The Madison County School Board came together for their bi-monthly meeting on July 21 at 6 p.m. The meeting was kicked off with a special hearing to introduce the tentative budget for the new school year, which the Board proceeded to approve for advertisement. Afterwards, the agenda was collectively approved by consent. Next, it was time for individual business items. The first included the Board's unanimous approval of a staff trip to the Florida Partnership of Minority and Underrepresented Student Achievement district leadership training in Orlando. The next item required the approval of the Madison County High School Cheerleaders to attend FCA Cheerleading Camp in Lakeland. The Board unanimously approved the trip. After the approval of staff and student trips, Superintendent Brown informed the Board of SIG Professional Development Stipends which would be granted to 22 instructional personnel participating in professional development training over the summer, reviewing curriculum and working on ways to teach standards and impove instruction.
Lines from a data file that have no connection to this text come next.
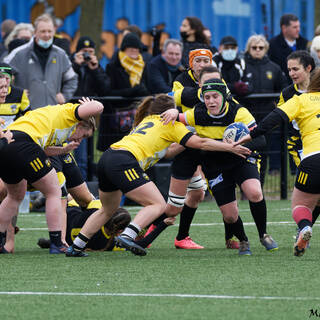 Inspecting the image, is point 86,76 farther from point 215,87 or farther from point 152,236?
point 215,87

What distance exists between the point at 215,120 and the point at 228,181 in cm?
63

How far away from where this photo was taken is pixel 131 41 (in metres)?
14.4

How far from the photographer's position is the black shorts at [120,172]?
8859mm

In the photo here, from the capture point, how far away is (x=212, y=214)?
1346 cm

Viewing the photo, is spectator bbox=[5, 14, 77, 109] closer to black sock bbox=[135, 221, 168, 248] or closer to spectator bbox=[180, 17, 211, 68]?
spectator bbox=[180, 17, 211, 68]

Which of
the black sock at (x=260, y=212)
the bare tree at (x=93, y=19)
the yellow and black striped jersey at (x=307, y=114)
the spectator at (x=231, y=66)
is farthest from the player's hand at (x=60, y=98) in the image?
the bare tree at (x=93, y=19)

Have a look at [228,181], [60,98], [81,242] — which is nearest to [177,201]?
[228,181]

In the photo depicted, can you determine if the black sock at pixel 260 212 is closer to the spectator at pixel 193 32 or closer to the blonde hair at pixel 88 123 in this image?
the blonde hair at pixel 88 123

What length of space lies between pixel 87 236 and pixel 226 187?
1.47 m

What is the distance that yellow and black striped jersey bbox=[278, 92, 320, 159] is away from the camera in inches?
337

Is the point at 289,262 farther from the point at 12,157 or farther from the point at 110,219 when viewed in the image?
the point at 12,157

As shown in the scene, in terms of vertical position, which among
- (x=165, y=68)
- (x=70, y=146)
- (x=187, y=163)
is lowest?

Teachers would receive approximately $100 per day for four days for their training. The Board collectively approved the SIG Professional Development Stipends. Next, Chief Academic Officer, Dr. Ida Walker, presented the Supplemental Math Program, Acaletics, to be approved by the Board. The program would be implemented in grades 3-5 and 6-8. According to acaletics.net, their math program “has helped more than 400,000 students and over 400 schools dramatically improve classroom instruction and learning, test scores, and student competence and confidence by providing invaluable resources and direct support to school administrators, teachers, students and parents.” The Board collectively approved the supplemental math program, asking to hear progress in the future. Next, Suprintendent Brown presented the Board with the opportunity for the district to participate, along with Hamilton County, in the grant program called Skills for Success. According to the U.S. Department of Education, the program “supports Local Educational Agencies (LEAs) and their partners in implementing, evaluating and refining tools and approaches for developing the non-cognitive skills of middle-grades students in order to increase student success.
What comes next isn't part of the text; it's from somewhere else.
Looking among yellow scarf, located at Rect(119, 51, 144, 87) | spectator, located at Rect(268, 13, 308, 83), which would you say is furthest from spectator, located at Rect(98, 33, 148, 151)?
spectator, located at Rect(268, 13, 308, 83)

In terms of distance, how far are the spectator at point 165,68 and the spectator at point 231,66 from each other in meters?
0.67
Grants provide funding for the implementation, evaluation and refinement of existing tools and approaches (e.g., digital games, growth mindset classroom activities, experiential learning opportunities) that integrate the development of students’ non-cognitive skills into classroom-level activities and existing strategies designed to improve schools.” If the grant is awarded, it will not go into effect until the 2016-17 school year. The grant would be distributed to Madison County Central School, as the program places importance in the middle school environment. The Board collectively approved grant participation. Afterwards, the Board collectively approved personnel changes and granted permission to advertise for non-instructional positions.